(UPDATE Nov. 30): In a statement to Global News, security researcher Matt Jakubowski said the MP3 files he was able to access on Hello Barbie were not recordings, but default lines the doll says when it can’t connect to the Internet.
While he reiterated warnings that sophisticated hackers could find ways to access the doll, he commended Toy Talk for its security protocols so far.
“Overall I think ToyTalk has done a outstanding job on the security protocols they have in place. The doll when in wifi mode requires a client-side cert to be valid in order to access any of the data, it also limits the data that it can accept thus limiting the attack surface,” Jakubowski said in an email.

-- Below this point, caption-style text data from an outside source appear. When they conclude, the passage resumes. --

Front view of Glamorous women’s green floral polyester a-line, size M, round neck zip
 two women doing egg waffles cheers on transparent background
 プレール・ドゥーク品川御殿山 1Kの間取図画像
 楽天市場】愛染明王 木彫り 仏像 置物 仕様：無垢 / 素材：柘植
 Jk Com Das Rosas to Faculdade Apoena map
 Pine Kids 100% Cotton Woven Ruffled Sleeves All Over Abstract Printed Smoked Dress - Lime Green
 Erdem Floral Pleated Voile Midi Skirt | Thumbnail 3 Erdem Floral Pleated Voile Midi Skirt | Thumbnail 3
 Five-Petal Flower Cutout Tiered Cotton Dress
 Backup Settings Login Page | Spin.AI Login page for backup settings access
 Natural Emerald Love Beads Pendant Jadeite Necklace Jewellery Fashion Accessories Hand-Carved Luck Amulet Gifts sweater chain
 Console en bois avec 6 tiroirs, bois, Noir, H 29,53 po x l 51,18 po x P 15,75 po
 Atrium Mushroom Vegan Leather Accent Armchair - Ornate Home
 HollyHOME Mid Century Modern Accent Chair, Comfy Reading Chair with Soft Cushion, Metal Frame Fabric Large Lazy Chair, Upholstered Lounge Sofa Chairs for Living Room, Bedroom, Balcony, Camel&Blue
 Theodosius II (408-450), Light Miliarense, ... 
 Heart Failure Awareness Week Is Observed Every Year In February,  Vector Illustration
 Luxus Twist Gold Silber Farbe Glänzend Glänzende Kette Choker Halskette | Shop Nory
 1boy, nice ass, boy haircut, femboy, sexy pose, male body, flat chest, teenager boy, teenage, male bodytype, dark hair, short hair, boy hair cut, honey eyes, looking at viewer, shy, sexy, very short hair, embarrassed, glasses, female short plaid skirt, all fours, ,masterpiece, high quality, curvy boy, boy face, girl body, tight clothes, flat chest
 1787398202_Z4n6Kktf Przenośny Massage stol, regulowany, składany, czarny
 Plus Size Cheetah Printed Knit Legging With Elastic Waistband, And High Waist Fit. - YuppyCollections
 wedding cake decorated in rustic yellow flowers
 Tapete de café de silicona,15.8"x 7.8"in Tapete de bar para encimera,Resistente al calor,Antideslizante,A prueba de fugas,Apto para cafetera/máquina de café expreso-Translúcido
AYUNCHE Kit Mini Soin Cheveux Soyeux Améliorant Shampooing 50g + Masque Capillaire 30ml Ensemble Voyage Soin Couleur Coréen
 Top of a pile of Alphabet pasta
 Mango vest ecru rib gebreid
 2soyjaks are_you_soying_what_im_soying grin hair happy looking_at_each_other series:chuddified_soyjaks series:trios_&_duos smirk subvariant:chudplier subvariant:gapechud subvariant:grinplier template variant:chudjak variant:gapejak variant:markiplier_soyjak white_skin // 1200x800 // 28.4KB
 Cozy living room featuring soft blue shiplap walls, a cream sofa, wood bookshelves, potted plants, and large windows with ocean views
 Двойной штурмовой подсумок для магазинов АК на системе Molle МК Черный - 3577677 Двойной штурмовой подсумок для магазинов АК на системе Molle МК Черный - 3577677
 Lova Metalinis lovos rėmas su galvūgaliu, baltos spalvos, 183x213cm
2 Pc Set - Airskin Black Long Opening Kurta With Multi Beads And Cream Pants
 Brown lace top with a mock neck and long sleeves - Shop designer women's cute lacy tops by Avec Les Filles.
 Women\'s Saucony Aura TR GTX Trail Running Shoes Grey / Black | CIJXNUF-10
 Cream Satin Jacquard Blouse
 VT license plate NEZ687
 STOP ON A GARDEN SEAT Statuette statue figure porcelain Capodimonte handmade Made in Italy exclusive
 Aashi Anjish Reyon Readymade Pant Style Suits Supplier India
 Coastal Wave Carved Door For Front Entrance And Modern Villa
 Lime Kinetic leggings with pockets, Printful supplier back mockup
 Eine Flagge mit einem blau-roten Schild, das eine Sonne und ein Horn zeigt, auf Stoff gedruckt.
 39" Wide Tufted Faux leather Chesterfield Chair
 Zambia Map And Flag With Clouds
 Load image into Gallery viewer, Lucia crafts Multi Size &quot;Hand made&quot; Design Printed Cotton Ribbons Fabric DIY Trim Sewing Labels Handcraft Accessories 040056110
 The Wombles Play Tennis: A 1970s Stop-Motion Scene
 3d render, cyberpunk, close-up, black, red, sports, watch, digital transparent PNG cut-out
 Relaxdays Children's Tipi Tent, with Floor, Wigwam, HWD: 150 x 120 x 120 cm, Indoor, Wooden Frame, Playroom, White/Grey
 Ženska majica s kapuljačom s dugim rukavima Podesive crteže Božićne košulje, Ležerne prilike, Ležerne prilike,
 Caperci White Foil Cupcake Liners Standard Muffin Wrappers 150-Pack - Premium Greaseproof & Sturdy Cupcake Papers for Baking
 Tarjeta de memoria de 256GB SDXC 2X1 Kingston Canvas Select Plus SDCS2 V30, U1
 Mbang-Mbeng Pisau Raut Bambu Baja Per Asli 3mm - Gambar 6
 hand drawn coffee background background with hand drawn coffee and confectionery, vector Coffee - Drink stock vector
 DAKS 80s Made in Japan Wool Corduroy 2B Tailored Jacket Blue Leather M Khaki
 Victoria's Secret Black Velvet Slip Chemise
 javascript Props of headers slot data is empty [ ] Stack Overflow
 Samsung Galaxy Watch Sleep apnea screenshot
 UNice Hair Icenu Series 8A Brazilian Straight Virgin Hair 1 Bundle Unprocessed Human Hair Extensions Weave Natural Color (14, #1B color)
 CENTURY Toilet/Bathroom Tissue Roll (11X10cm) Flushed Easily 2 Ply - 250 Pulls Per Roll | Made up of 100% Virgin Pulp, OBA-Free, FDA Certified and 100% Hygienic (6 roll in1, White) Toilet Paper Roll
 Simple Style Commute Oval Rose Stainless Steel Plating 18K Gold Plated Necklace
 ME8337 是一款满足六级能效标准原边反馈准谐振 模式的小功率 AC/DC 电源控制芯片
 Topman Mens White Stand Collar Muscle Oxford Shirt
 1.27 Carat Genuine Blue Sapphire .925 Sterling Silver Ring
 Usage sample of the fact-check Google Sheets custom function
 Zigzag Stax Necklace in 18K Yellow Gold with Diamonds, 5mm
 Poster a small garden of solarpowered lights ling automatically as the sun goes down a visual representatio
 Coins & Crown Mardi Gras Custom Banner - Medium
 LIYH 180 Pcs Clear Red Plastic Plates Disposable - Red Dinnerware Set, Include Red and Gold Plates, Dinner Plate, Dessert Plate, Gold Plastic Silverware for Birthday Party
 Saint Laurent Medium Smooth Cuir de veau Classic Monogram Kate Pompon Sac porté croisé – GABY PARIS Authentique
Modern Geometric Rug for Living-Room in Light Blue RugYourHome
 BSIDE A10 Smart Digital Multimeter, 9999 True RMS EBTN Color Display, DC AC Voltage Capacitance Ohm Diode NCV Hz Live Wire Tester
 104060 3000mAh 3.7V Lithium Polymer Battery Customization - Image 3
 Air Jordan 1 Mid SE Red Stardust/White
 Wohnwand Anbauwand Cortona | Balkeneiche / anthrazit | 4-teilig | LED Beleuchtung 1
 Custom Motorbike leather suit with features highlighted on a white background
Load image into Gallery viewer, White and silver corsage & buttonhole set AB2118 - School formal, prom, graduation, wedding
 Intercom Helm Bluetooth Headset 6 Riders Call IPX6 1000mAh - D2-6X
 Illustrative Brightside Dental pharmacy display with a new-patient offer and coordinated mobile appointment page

“ToyTalk also appears to be using HTTPS for all communications to ensure no eavesdropping of any kind can happen. These are all good levels of security that you don’t typically see in many IoT devices. ToyTalk has certainly taken many of the concerns and has addressed them as best as they could.”
Barbie has had a lot of jobs, but security experts allege her latest gig could be akin to a spy.
The Wi-Fi connected Hello Barbie uses voice recognition software – similar to voice assistant programs like Apple’s Siri or Google Now – to interact with children.
By holding down a button on Barbie’s belt, kids are able to talk to her – their voices are then recorded and sent to the cloud where they are analyzed. Barbie’s software then comes up with an intelligent response, mimicking a real-life conversation.
But U.S. security researcher Matt Jakubowski is warning parents that the doll can be hacked, leaving kids at risk of being spied on.
After hacking Hello Barbie’s software, Jakubowski claims he was able to extract system information, Wi-Fi network names, account IDs for the account the doll was connected to and even MP3 files.
“I was able to get some information out of it that I probably shouldn’t have,” he told NBC Chicago.
More troubling are the researcher’s claims that hackers could eventually find a way to access the doll’s microphone.
“It’s just a matter of time before we are able to replace their servers with ours make her say anything we want,” he said.
However, Toy Talk – which teamed up with Mattel to produce Hello Barbie – has downplayed the severity of Jakubowski’s claims, noting, “no children’s audio was accessed, no passwords were compromised, and no dolls were made to say anything unintended.”
“They opened the doll, de-soldered the chip from the circuit board, and placed the chip into a reader so they can look at the memory. However, this does not give access to sensitive information, by design,” read a statement from Martin Reddy, co-founder of Toy Talk.
“It’s worth noting that if someone were to modify the firmware, the doll will refuse to boot it. Also, this all requires physical access to the internals of a specific doll.”
Global News reached out to Mattel regarding Hello Barbie’s security concerns, but a request for comment was not returned.
This isn’t the first time experts have issued warnings about the interactive doll.
U.S. based organization Campaign for a Commercial-Free Childhood (CCFC) has been lobbying against Hello Barbie since it was announced in February. The child rights group believes the doll violates kid’s privacy by recording and storing conversations and alleges the doll could be used to collect data that marketers can use to unfairly target kids.
In November, the CCFC launched a campaign called “Hell no Barbie,” in an effort to educate parents about the concerns surrounding the doll.
“We cannot prevent children from providing personal information when they talk with Hello Barbie, and such information may be captured in the recordings. However, it is our policy to delete such personal information where we become aware of it,” reads the statement.
In response to Jakubowski’s findings, the company also announced it is creating a “bug bounty” program that will reward security researchers for responsibly disclosing security vulnerabilities.